October 11, 2012

New Texas A&M Program Translating Research in Aging To Real-World Patient Care

A burgeoning research program at Texas A&M University is focused on finding new treatments for older adults and extending the lives of patients of all ages. The Translational Research in Aging and Longevity (TRAL) group within the College of Education & Human Development at Texas A&M has a goal of taking research beyond the laboratory and into the real world.

Nicolaas Deutz and Marielle Engelen

TRAL Director Nicolaas Deutz and Co-Director Marielle Engelen

TRAL Director Nicolaas Deutz, M.D., Ph.D., Co-director Marielle Engelen, Ph.D. and their team of supportive, science and medical personnel are building a state-of-the-art laboratory in the Texas A&M Research Park. With their facility still under development, TRAL personnel have aspirations for the facility to become a full-fledged research center where the knowledge gained from research will be translated into care and clinical practice for patients.

“From bench to bedside, and beyond,” says Deutz in defining translational research. “It means that the research that is done here is being translated into something meaningful.”

The research will be focused on nutrition, exercise and metabolism related to aging and the common diseases of the aging population. Research findings will be used to treat patients with a variety of diseases and conditions including breast and lung cancer, cystic fibrosis (CF) and chronic obstructive pulmonary disease (COPD).

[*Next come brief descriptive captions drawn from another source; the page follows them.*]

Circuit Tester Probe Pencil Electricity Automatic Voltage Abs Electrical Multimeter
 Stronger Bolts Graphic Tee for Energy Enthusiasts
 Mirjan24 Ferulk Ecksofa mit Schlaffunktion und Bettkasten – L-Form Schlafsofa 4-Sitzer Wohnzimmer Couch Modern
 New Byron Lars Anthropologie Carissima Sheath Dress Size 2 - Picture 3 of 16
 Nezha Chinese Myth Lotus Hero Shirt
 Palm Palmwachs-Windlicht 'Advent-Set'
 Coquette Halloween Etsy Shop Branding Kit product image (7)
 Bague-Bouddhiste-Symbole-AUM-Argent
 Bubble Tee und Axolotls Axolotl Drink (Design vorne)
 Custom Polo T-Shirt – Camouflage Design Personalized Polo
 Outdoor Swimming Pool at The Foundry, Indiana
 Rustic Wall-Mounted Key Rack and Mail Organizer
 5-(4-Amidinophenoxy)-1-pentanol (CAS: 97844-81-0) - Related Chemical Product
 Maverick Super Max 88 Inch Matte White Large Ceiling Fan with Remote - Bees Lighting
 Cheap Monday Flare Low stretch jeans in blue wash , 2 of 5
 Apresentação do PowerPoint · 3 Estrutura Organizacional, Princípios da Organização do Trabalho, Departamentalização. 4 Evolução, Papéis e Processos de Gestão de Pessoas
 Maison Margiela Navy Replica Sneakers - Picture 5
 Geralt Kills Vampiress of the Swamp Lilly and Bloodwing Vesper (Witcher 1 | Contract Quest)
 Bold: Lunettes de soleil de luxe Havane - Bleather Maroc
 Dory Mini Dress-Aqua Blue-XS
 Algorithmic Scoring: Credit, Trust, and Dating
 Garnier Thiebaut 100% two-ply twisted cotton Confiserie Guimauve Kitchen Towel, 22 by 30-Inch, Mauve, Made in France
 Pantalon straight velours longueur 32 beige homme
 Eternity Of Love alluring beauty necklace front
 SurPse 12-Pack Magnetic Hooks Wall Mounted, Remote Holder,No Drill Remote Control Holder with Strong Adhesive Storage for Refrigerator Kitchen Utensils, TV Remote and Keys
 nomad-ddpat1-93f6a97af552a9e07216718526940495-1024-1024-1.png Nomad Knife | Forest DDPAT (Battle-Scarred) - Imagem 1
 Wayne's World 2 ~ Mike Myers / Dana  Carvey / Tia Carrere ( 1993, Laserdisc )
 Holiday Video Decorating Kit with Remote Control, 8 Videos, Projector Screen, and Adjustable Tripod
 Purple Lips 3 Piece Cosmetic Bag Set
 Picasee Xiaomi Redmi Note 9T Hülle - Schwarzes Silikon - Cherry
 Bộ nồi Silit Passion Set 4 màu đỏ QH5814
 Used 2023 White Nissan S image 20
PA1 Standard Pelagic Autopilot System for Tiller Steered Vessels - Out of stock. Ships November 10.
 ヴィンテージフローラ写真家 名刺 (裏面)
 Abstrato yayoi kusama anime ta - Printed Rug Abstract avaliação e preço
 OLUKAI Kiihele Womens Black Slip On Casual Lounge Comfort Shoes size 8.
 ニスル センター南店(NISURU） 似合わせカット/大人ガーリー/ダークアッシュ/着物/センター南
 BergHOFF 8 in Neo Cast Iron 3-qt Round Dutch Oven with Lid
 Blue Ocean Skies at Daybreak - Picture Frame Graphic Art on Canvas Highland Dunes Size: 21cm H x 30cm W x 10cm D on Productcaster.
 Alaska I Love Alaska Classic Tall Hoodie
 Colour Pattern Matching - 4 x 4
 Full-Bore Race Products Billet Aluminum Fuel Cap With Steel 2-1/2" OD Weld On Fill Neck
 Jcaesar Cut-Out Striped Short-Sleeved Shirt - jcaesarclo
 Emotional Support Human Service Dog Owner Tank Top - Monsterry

“If you want to keep older adults in better condition, you must do something about the effects of these diseases,” explains Deutz. “We address key issues such as weight loss and loss of muscle mass, reduced function and mobility, decreased social interactions and depression. We’re working to develop nutritional supplements and exercise protocols to improve their overall condition and make them as strong as possible while they’re managing their disease. For someone about to start chemotherapy, for example, we could help them get into optimal condition before chemo and that will help them throughout the process.”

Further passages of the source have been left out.